PreprintResolver: Improving Citation Quality by Resolving Published Versions of ArXiv Preprints using Literature Databases

The growing impact of preprint servers enables the rapid sharing of time-sensitive research. Likewise, it is becoming increasingly difficult to distinguish high-quality, peer-reviewed research from preprints. Although preprints are often later published in peer-reviewed journals, this information is often missing from preprint servers. To overcome this problem, the PreprintResolver was developed, which uses four literature databases (DBLP, SemanticScholar, OpenAlex, and CrossRef / CrossCite) to identify preprint-publication pairs for the arXiv preprint server. The target audience focuses on, but is not limited to inexperienced researchers and students, especially from the field of computer science. The tool is based on a fuzzy matching of author surnames, titles, and DOIs. Experiments were performed on a sample of 1,000 arXiv-preprints from the research field of computer science and without any publication information. With 77.94 %, computer science is highly affected by missing publication information in arXiv. The results show that the PreprintResolver was able to resolve 603 out of 1,000 (60.3 %) arXiv-preprints from the research field of computer science and without any publication information.
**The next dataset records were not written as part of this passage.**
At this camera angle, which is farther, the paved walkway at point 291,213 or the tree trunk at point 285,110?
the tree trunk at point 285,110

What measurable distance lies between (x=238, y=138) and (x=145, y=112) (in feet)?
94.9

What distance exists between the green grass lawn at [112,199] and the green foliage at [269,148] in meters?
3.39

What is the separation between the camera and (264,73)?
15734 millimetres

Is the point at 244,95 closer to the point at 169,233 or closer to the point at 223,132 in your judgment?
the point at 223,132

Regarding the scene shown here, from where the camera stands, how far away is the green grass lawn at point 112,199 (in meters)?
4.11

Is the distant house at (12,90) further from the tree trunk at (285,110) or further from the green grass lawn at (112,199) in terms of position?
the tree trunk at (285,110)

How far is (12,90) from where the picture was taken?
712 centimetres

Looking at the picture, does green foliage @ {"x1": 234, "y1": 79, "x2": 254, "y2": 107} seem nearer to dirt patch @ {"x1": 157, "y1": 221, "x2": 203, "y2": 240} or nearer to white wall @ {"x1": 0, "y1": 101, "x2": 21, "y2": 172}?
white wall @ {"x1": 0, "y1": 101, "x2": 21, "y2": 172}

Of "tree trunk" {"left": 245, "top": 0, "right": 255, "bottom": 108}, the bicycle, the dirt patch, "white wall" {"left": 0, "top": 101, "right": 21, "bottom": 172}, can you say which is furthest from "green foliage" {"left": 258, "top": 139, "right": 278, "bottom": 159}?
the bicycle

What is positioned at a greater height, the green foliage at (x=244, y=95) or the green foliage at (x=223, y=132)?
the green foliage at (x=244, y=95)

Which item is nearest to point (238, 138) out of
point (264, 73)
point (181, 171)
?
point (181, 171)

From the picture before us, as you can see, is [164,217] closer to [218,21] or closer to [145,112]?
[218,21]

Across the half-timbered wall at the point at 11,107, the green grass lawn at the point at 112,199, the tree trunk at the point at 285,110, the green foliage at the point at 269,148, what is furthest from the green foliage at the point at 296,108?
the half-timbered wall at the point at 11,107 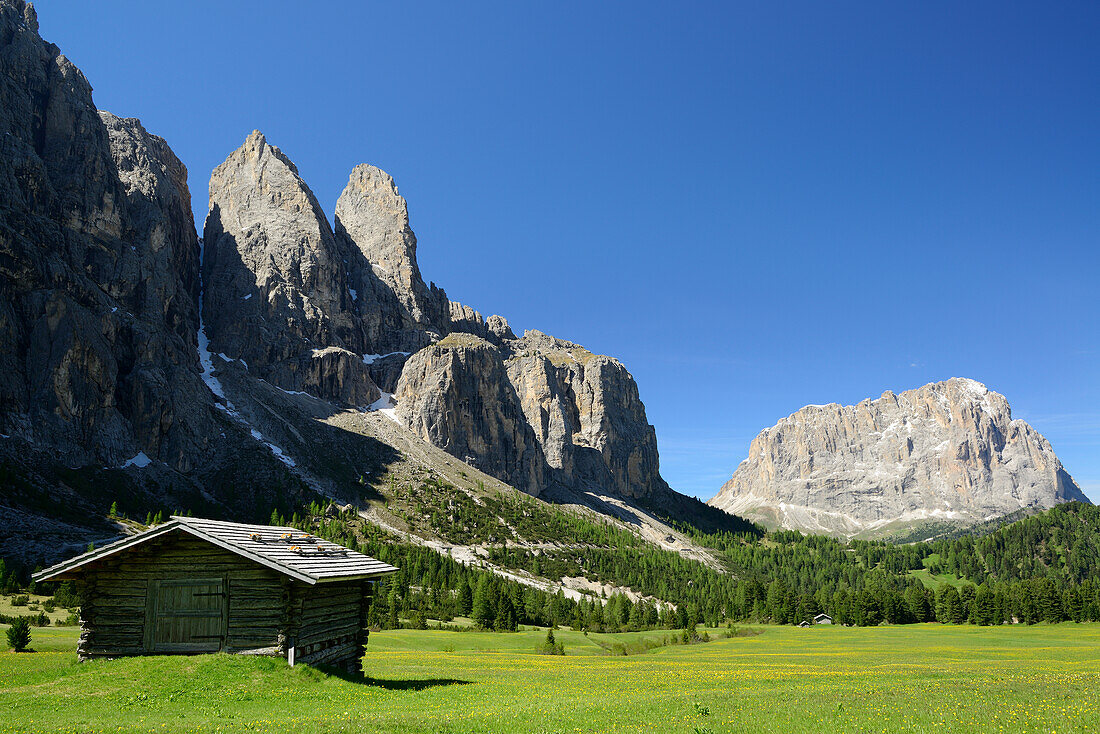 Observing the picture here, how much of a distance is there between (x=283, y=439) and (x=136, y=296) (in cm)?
5660

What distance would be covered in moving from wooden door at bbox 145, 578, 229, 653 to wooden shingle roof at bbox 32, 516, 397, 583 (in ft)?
5.61

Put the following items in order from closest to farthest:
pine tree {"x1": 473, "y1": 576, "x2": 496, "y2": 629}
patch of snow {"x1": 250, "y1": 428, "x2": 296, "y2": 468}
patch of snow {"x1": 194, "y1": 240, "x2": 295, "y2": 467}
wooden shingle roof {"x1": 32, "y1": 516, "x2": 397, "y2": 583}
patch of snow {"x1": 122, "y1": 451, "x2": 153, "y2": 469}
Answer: wooden shingle roof {"x1": 32, "y1": 516, "x2": 397, "y2": 583} < pine tree {"x1": 473, "y1": 576, "x2": 496, "y2": 629} < patch of snow {"x1": 122, "y1": 451, "x2": 153, "y2": 469} < patch of snow {"x1": 250, "y1": 428, "x2": 296, "y2": 468} < patch of snow {"x1": 194, "y1": 240, "x2": 295, "y2": 467}

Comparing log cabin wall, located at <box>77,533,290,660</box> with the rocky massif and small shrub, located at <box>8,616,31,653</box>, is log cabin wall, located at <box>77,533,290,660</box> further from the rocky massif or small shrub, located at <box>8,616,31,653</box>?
the rocky massif

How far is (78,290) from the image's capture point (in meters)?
146

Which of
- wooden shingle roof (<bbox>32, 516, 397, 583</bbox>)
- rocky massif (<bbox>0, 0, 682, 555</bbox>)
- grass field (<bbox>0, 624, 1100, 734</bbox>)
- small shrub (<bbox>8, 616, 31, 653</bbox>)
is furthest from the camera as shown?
rocky massif (<bbox>0, 0, 682, 555</bbox>)

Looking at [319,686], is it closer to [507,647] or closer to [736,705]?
[736,705]

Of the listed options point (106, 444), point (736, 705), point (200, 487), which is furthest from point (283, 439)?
point (736, 705)

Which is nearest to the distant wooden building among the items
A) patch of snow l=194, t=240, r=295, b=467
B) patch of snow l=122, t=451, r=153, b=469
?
patch of snow l=122, t=451, r=153, b=469

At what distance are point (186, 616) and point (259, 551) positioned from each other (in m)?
3.67

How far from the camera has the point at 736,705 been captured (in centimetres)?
1805

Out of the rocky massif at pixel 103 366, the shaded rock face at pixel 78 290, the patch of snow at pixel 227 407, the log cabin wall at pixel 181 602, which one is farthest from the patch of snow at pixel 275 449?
the log cabin wall at pixel 181 602

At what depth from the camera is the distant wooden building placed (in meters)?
22.3

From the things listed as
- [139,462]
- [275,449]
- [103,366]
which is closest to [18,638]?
[139,462]

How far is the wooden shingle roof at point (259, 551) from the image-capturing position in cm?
2198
All four literature databases contributed to the final result. In a manual validation, a random sample of 100 resolved preprints was checked. For all preprints, at least one result is plausible. For nine preprints, more than one result was identified, three of which are partially invalid. In conclusion the PreprintResolver is suitable for individual, manually reviewed requests, but less suitable for bulk requests. The PreprintResolver tool (https://preprintresolver.eu, Available from 2023-08-01) and source code (https://gitlab.com/ippolis_wp3/preprint-resolver, Accessed: 2023-07-19) is available online.

翻译：摘要：预印本服务器日益增长的影响力促进了时效性研究的快速共享，但同时也使得区分高质量同行评审研究与预印本变得越来越困难。尽管预印本后续通常会在经同行评审的期刊上正式发表，但预印本服务器往往缺失这一出版信息。为解决此问题，我们开发了PreprintResolver工具，该工具利用四个文献数据库（DBLP、SemanticScholar、OpenAlex以及CrossRef/CrossCite）为arXiv预印本服务器识别预印本与已出版论文的配对关系。目标用户群体主要为缺乏经验的研究人员及学生，尤其聚焦于计算机科学领域。该工具基于作者姓氏、论文标题及DOI的模糊匹配算法实现。我们以计算机科学领域中1000篇无任何出版信息的arXiv预印本为样本进行了实验。结果表明，arXiv中计算机科学领域缺失出版信息的比例高达77.94%。PreprintResolver能够成功解析这1000篇样本中603篇（占比60.3%）预印本对应的出版信息。四个文献数据库均对最终结果有所贡献。通过人工校验，我们随机抽查了100篇已解析的预印本：所有预印本至少有一个结果可信；其中9篇预印本识别出多个结果，但其中3个结果部分无效。结论表明，PreprintResolver适用于单篇人工审核的查询请求，但不适用于批量请求场景。该工具（https://preprintresolver.eu，自2023年8月1日起开放）及其源代码（https://gitlab.com/ippolis_wp3/preprint-resolver，访问日期：2023年7月19日）均已在线公开。